Также не стоило забывать о проходившем по уровню ватерлинии бронепоясе. Пусть не полный, пусть из устаревший на пару поколений брони, он все-таки имелся, и это было лучше, чем ничего. И что тоже являлось немаловажным фактором — этот старый корабль было попросту не жалко потерять, пойди все задуманное вкривь и вкось. Во всяком случае, не так жалко, как один из новых бронепалубников. И то же самое можно было сказать о его командире. Капитан 1-го ранга Руднев являлся отличным командиром мирного времени. Не самым лучшим, но и далеко не худшим. К тому же, в тот раз он не спустил флаг. Но и не предпринял действительно активных действий направленных на спасение вверенного ему корабля. В общем, офицером он был признан хорошим, но не способным на столь потребные в военное время решительные самостоятельные ходы, а потому оказался отнесен к списку не сильно сберегаемых кадров, как бы бесчеловечно это ни звучало.
Справедливости ради можно было сказать, что подобных ему офицеров и адмиралов в Российском Императорском Флоте имелось в избытке. К сожалению, сама система отбора и воспитания кадров оказалась направлена на выпестовывание именно такого типа людей. И сломать ее в одночасье не представлялось возможным, как и подготовить замену из тех, кто имел воинскую жилку. Потому к началу войны, во избежание ненужных внутренних конфликтов, приходилось очень аккуратно подводить людей к тем командным должностям, на которых они могли раскрыть себя во всей красе или хотя бы не так сильно напортачить, как могли бы.
Когда-то давно и сам Лушков был ничуть не лучше. Лишь события, последовавшие за гибелью «Русалки», создали из него по-настоящему боевого офицера. Офицера, что многие годы готовился к противостоянию с достойным противником и сейчас, вместо того, чтобы стоять на мостике своего корабля, вынужден был сделать все возможное, чтобы отправить на смерть сотни русских моряков, оставаясь при этом в безопасности. Протопопов строго-настрого запретил ему проситься на борт крейсера, когда тот выйдет навстречу противнику.

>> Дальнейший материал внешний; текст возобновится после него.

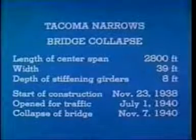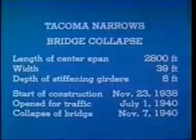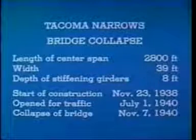As you can see, this bridge was exceptionally long and narrow — over half a mile long, only 39 feet wide. It lasted just four months.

Потому оставалось ограничиться лишь передачей пароля, да удостовериться, что Руднев вскроет нужный пакет, уже давно хранившийся в капитанском сейфе.

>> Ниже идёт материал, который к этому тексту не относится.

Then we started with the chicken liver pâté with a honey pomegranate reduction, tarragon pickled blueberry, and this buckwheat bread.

Итогом весьма продолжительной беседы стало то, что Николай Михайлович ныне наблюдал с борта изрядно задержавшегося в порту китобоя. В 15:40 канонерская лодка «Кореец» полностью выбрала якорь и, дав малый ход, начала потихоньку выползать с рейда порта Чемульпо, отправляясь в путь, завершить который, ей уже было не суждено. О чем, правда, на борту канонерки в этот момент знали лишь четыре человека — командир, старший помощник, артиллерийский и минный офицеры. Все они днем ранее были вызваны на борт «Памяти Азова», где, под роспись о неразглашении, ознакомились с содержимым секретного пакета. Война! То, чем пахло в воздухе вот уже многие месяцы, все же случилось — Япония без какого-либо предупреждения начала военные действия против России, по словам Лушкова захватив к данному моменту, как минимум, один пароход под русским флагом. Но куда более интересной и одновременно страшной новостью стало приближение к Чемульпо целого отряда японских крейсеров, сопровождающих авангард сил вторжения. Крейсеров, чьей задачей, помимо прикрытия десанта, являлось склонение к сдаче, либо уничтожение российских кораблей. Именно на соединение с этим отрядом минувшей ночью ушел японский стационер, дабы добавить свои орудия в бортовой залп. И этот самый залп первой должна была прочувствовать на своей стальной шкуре мореходная канонерская лодка.
От одной мысли, что командование уже давно списало их, намереваясь специально подставить под огонь целой эскадры, превосходящей даже ту, что когда-то разгромила Бэйянский флот, непроизвольно сжимались кулаки, а на лицах начинали ходить желваки. Но это был приказ. Приказ, который следовало, либо выполнить с честью и с большей долей вероятности погибнуть, либо проигнорировать, тем самым сохраняя собственные жизни, платой за что, несомненно, было бы все, чего офицеры добились за года службы.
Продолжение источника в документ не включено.